© Mike Segar/Reuters
Rupert Murdoch in New York in 2017.

Over a tumultuous decade, Rupert Murdoch’s sprawling media empire wrote more than a few big checks to stave off nasty court battles and negative headlines.

There was the more than $100 million paid to celebrities and crime victims whose phone messages were hacked by his British tabloids. The $50 million paid in a single fiscal year to several women who alleged sexual harassment at Fox News, and the $15 million to a former host who complained that she and other women were paid far less than male colleagues. And after the parents of a slain Democratic political staffer sued Fox for promoting a false conspiracy theory about his death, the cable-news giant settled the case with a high seven-figure payment.

Which has left many observers puzzled over why Murdoch hasn’t yet settled his highest-stakes legal battle to date: a $1.6 billion defamation lawsuit over bogus claims that an election-technology company rigged the 2020 presidential vote.

In fact, there have been at least some attempts in that direction.

Late last year, lawyers for Dominion Voting Systems sat down with lawyers for Fox News to try to settle their clients’ differences. The meeting was ordered by a Delaware court in a last-ditch attempt to avoid a long and costly trial, scheduled to start in April.
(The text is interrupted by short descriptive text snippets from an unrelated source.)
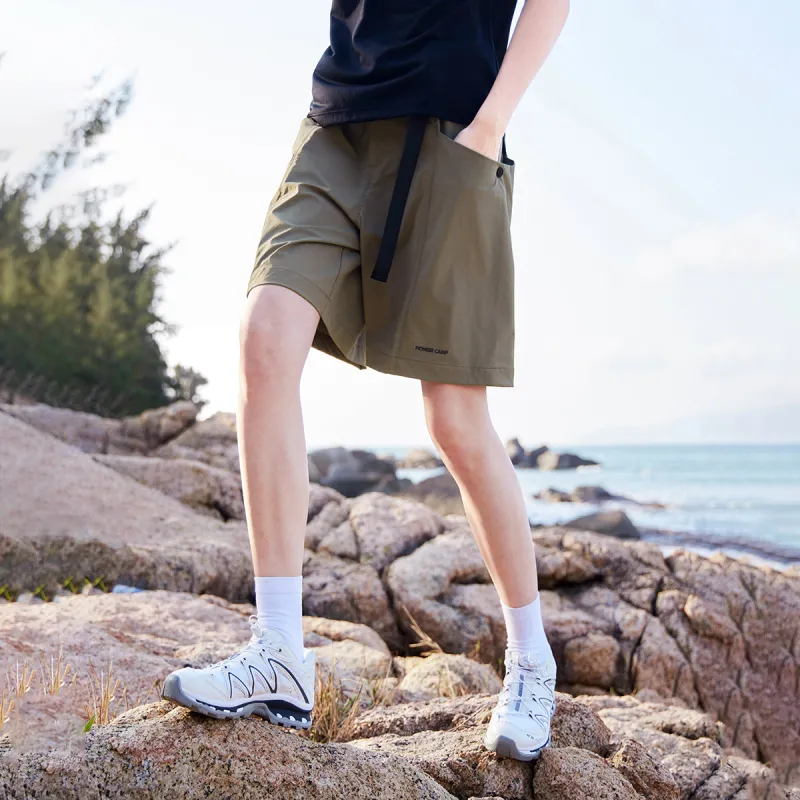 PIONEER CAMP Casual Shorts Women's-10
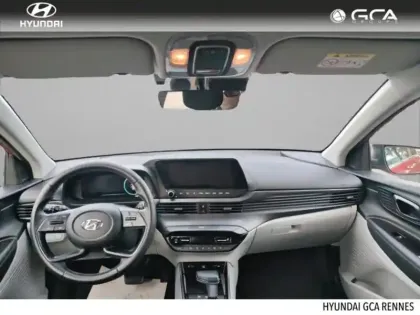 Photo 4 Hyundai I20  1.0 T-GDi 100ch Hybrid Creative DCT-7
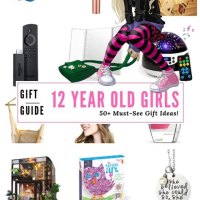 Christmas Gifts For 12 Year Olds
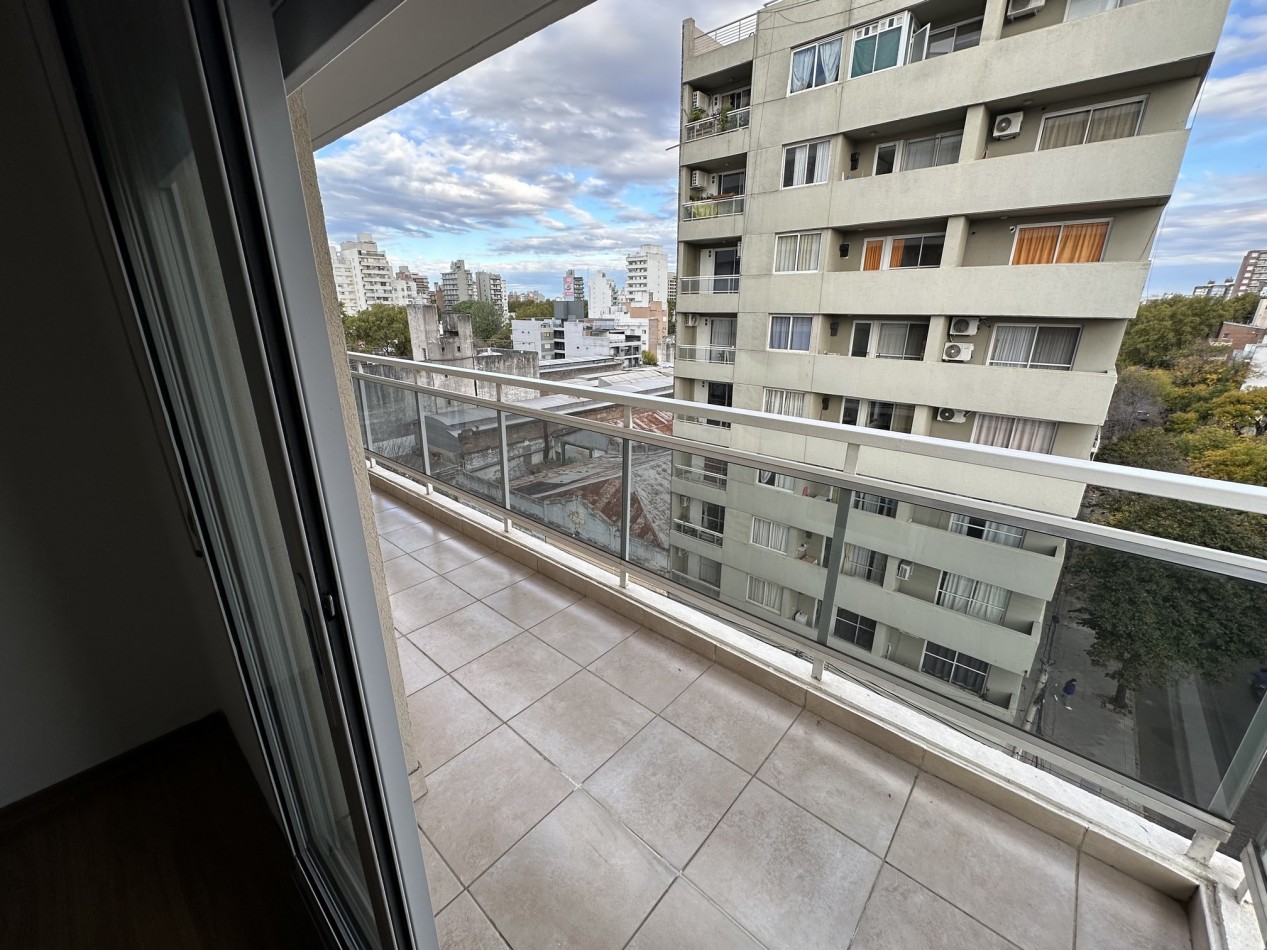 Alquiler departamento 1 dorm. en Echesortu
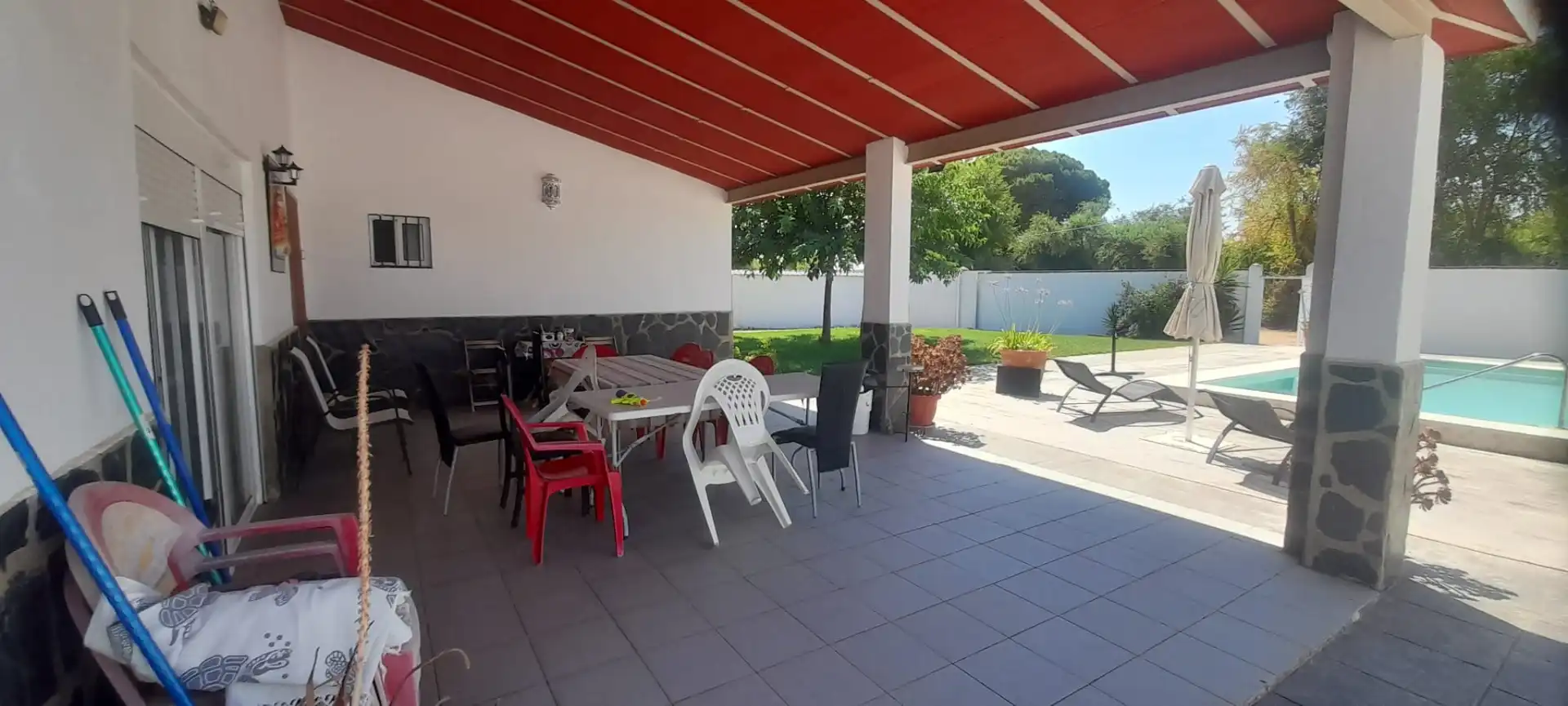 Chalet con piscina en venta en Don Benito, imagen 11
The talks broke down almost immediately, each side scoffing at the other’s position and quickly walking away, according to three people familiar with the conversation, who spoke on the condition of anonymity to discuss a sensitive meeting.

But with a trial looming, that might not be the end of the story. Legal experts say it’s still possible the two sides could work out a deal that could cut Fox’s potential losses — and avoid weeks of embarrassing testimony about Fox and its famed personalities. Some damaging details have already spilled out in court documents, indicating that Fox executives knew that the allegations of election fraud floated on its airwaves were false but feared that they would lose conservative viewers if they contradicted them.

“For Fox, there are real risks in proceeding to trial,” said Timothy Zick, a First Amendment scholar at William & Mary Law School. But Dominion, in mulling a settlement, would have to decide whether to accept less money “or to fight on, based on principle, and to more fully restore its reputation.”

It’s unusual for any defamation suit to go to trial. Judges, protective of journalists’ First Amendment rights, reject many claims outright. Media companies are often willing to settle claims that survive early legal hurdles, to avoid a trial by jury. And plaintiffs are often open to compromise on the dollar amount they feel is owed to them.

A storm of competing dynamics, however, appears to have brought this blockbuster case to the brink of a courtroom showdown. On one side is Dominion’s insistence that Fox-fueled conspiracy theories have all but destroyed its future business prospects — hence the 10-figure demand. On the other is Fox’s internal conviction that Dominion’s private-equity backers are trying to fleece the network for their own financial gain.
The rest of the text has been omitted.